Le popolazioni della Brianza che vivono nei territori ancora oggi contaminati dalla diossina dell’Icmesa, nel 1976, possono tirare un sospiro di sollievo: “Grazie al nostro interessamento, il Consiglio regionale ha approvato all’unanimità una mozione in cui si chiede di verificare la correttezza d’esecuzione della Pedemontana, nel tratto che attraversa quelle zone, attraverso un contraddittorio di validazione con l’Arpa – spiega Laura Barzaghi, consigliera regionale del Pd e prima firmataria della mozione –. Nel documento impegniamo poi il presidente Maroni e la sua Giunta anche a provvedere alle necessarie tutele della salute pubblica e ambientale in caso di sbancamenti di aree inquinate da diossina non bonificate”.

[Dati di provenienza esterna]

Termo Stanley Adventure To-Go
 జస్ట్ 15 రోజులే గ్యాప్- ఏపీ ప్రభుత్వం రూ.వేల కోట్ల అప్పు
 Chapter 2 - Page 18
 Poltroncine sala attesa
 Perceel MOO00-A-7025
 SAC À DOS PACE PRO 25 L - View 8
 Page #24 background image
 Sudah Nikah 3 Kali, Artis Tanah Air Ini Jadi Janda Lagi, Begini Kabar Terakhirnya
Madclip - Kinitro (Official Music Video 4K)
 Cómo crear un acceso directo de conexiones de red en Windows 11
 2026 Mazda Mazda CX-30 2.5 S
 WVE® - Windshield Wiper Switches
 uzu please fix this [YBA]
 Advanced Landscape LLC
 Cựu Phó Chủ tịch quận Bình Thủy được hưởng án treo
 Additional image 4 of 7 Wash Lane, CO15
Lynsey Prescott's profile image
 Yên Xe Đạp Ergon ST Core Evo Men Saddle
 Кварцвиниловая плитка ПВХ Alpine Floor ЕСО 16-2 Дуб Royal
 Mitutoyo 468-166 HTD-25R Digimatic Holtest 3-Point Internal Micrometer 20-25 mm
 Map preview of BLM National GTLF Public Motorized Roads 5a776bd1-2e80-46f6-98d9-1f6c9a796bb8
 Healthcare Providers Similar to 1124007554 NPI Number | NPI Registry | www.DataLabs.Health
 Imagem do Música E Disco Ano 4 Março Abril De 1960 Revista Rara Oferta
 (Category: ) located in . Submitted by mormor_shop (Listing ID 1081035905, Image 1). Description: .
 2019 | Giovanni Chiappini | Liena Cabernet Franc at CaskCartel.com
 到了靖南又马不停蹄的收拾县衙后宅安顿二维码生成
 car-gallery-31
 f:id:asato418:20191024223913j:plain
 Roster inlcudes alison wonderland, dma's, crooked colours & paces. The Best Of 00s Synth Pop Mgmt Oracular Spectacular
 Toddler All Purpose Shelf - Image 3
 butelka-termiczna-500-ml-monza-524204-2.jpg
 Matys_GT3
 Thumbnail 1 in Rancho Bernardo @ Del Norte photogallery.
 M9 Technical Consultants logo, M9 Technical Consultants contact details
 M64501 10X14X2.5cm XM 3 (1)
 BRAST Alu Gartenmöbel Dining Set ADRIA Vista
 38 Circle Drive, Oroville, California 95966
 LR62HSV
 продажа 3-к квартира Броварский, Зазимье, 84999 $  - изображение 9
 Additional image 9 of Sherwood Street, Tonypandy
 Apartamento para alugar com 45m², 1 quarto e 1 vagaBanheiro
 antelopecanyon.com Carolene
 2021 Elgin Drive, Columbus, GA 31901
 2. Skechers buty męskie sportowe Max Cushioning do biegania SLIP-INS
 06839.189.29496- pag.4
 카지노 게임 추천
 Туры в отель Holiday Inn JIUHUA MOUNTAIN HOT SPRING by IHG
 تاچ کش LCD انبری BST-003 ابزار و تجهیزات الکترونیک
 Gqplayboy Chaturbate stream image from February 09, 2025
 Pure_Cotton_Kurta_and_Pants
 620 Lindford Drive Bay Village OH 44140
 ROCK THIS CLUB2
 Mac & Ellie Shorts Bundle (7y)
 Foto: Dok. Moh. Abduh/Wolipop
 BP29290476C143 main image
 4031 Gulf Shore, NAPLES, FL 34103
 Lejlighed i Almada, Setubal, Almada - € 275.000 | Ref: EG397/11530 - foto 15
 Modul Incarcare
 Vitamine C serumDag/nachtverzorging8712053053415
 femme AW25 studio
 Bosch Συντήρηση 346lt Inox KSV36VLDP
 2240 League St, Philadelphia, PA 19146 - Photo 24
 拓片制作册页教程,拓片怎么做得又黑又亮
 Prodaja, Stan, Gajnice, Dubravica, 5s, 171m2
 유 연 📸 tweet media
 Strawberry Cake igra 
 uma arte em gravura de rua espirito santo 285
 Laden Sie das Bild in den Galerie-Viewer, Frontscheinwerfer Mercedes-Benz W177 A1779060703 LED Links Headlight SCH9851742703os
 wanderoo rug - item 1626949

Il Gruppo regionale del Pd, in testa la Barzaghi, si è fatto così portavoce delle preoccupazioni della “gente di Brianza che ha bisogno di avere delle risposte, di sapere se e quando si farà la Pedemontana, cosa c’è sotto terra, se esiste un reale pericolo, se verranno fatte le bonifiche – ribadisce da tempo la consigliera –. E nel caso si procedesse con questo tipo di interventi, chiediamo anche che si proceda con le bonifiche e si applichi uno smaltimento corretto delle terre contaminate in siti idonei a riceverle”.

Barzaghi ha premesso che “il nostro non è un giudizio sull’opera Pedemontana, anche se le nostre idee in merito sono ben precise. Ma la tratta presenta aspetti ambientali e rischi per la salute pubblica, per la presenza critica di diossina nel suolo”. La mozione invita anche ad avere maggiore attenzione per il Bosco delle querce, il parco naturale regionale che insiste sui comuni interessati dall’intervento, che continua a essere invaso dal tracciato.

“Per tutti questi motivi l’Arpa deve avere un ruolo principale in quest’opera, mentre non ha fatto ancora nemmeno le analisi ambientali”, ha concluso la Barzaghi, prima della conferma da parte dell’assessore regionale alle Infrastrutture e mobilità dell’attenzione che Regione Lombardia sta rivolgendo al caso e del voto unanime dell’Aula.